I've used it in one-line situations like this:

s = 2.1
print(f"{f'Is {s} an int? {"True" if isinstance(s, int) else "False"}':>25}")

# Instead of having to combine with other string manipulating methods:
print(f"Is {s} an int? {"True" if isinstance(s, int) else "False"}".rjust(25))

enter image description here

Comments

2

I found this question looking how to format a date with space-padded instead of zero-padded decimal numbers (see https://strftime.org/) for month and day.

dt = datetime.strptime('2024 1 3 1501', '%Y %m%d %H%M')

# simple formatting with month and day as zero-padded decimal numbers
print(f"{dt:%Y %m %d %H%M}")
# 2024 01 03 1501

# no padding 
print(f"{dt:%Y %-m %-d %H%M}")
# 2024 1 3 1501

# left padding with space (space-padded but aligns with 0-padded)
print(f"{dt:%Y {f'{dt:%-m}':>2} {f'{dt:%-d}':>2} %H%M}")
# 2024  1  3 1501

See also this example in How do I format a date and also pad it with spaces?.

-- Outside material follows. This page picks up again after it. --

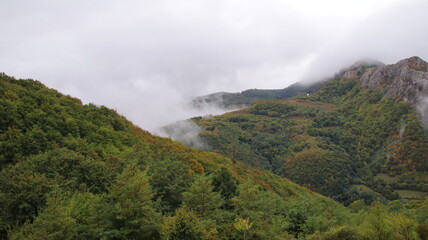 fog in the mountains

# format date (no padding)
print(f"{today:%d-%m-%Y}")
# 19-05-2024

# nested f-string
print(f"{f'{today:%d-%m-%Y}':>20}")
#           19-05-2024

Comments

1

A simple example of when it's useful, together with an example of implementation: sometimes the formatting is also a variable.

num = 3.1415
fmt = ".2f"
print(f"number is {num:{fmt}}")

Comments

1

If some fancy formatting is needed, such nesting could be, perhaps, useful.

for n in range(10, 1000, 100):
    print(f"{f'n = {n:<3}':<15}| {f'|{n:>5}**2 = {n**2:<7_}'} |")

Comments

-3

You could use it for dynamicism. For instance, say you have a variable set to the name of some function:

func = 'my_func'

Then you could write:

f"{f'{func}'()}" 

which would be equivalent to:

'{}'.format(locals()[func]()) 

or, equivalently:

'{}'.format(my_func())

3 Comments

I tried it and it didn't work. TypeError: 'str' object is not callable
This is not true. f'{func}' is a string. You can't call strings.
If you're into unsafe hacks like these, you're probably looking for eval.